Conformation transition of BSA with 1-OHP

The UV-vis absorption, 3-D fluorescence and CD spectroscopy results are discussed in the following sections, focusing on how the interaction impacts the structure or micro-environment of BSA.

UV-vis absorption spectroscopy. UV-vis absorption spectroscopy is a simple method that can be used to reveal information about the complex formation and structure changes of BSA. The UV-vis absorption spectra of BSA with various concentrations of 1-OHP are obtained by subtracting the corresponding spectra of free 1-OHP from the 1-OHP–BSA complex system (Fig. 4). As shown in Fig. 4, BSA has two major absorption peaks: one lies about 210 nm, designating its secondary structure with a majority representing the α-helix structure of BSA;⁴⁷ and the other at 278 nm, reflecting the aromatic amino acids (TRP, TYR, PHE, mainly TRP) and the transformation of their micro-environment.⁴⁸ With the continuous addition of 1-OHP, the fluorescence intensity of the peak at about 210 nm increases, suggesting an increase of the α-helix content of BSA. The intensity of the peak at 278 nm increases with a 2 nm red shift, which indicates a decrease in the hydrophobicity of the micro-environment of TRP and other residues and the formation of the 1-OHP–BSA complex.⁴⁹ Thus the static quenching process involved is corroborated again.⁴⁸

Fig. 4 UV absorption spectra of BSA with different concentrations of 1-OHP (A); (B) and (C) are the magnified illustrations of the peaks of BSA at approximately 212 and 278 nm. C_BSA = 5.0 × 10⁻⁶ mol L⁻¹; C_1-OHP (a–f) = (0, 0.2, 0.4, 0.6, 0.8, 1.0) × 10⁻⁵ mol L⁻¹.
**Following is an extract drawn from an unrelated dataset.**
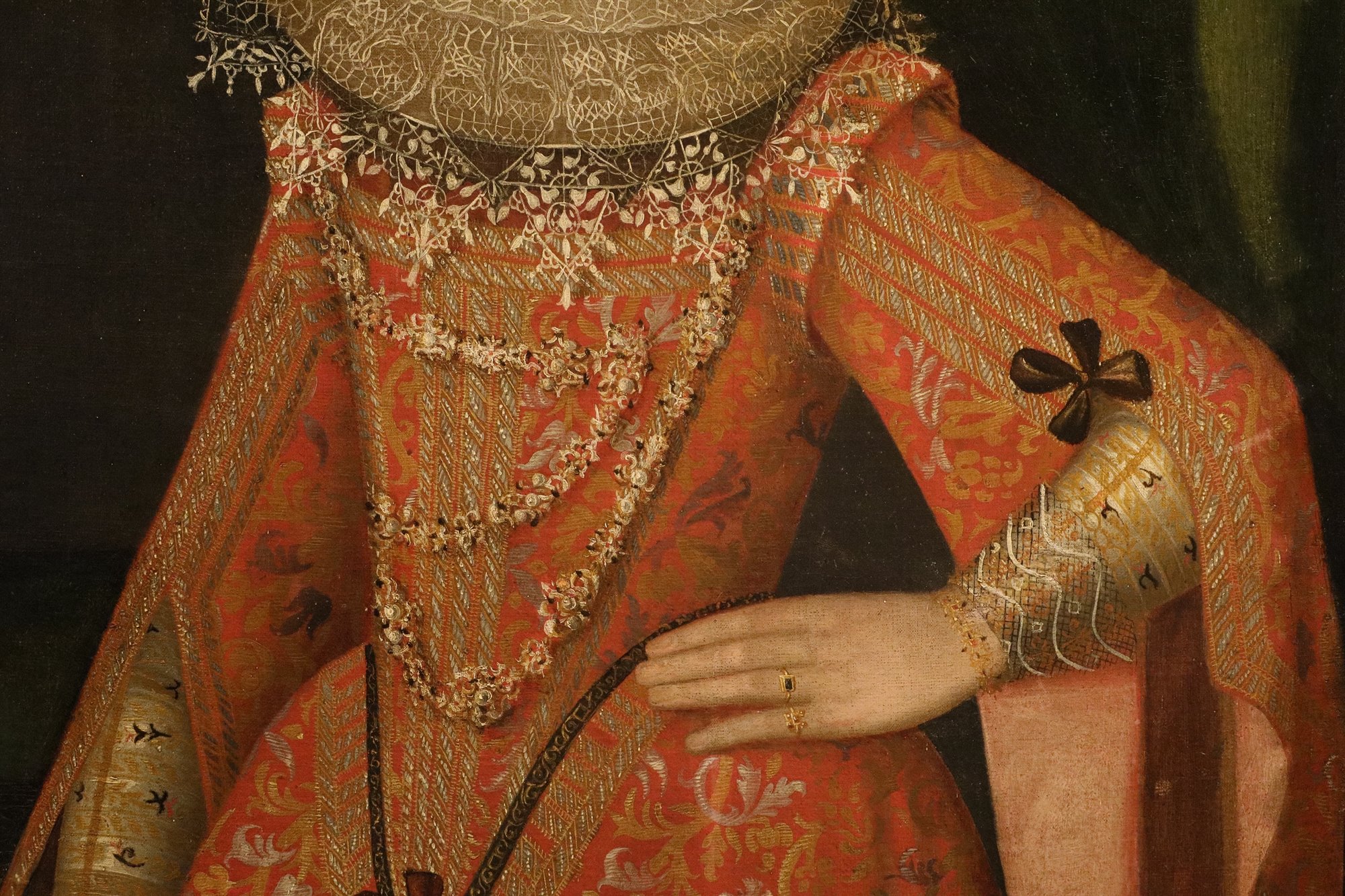 Ritratto di nobildonna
3-D fluorescence spectroscopy. 3-D fluorescence spectroscopy provides comprehensive fluorescence information of the ligand–BSA complex. Therefore, 3-D fluorescence spectra and the contour plot of BSA have been measured with and without 1-OHP (Fig. 5) to further investigate the micro-environmental transition of BSA. Corresponding parameters are listed in Table 3.

Fig. 5 3-D fluorescence spectra of BSA (A), 1-OHP–BSA system (B) and the 3-D contour map counter plots of BSA (C), 1-OHP–BSA system (D). C_BSA = C_1-OHP = 5.0 × 10⁻⁶ mol L⁻¹.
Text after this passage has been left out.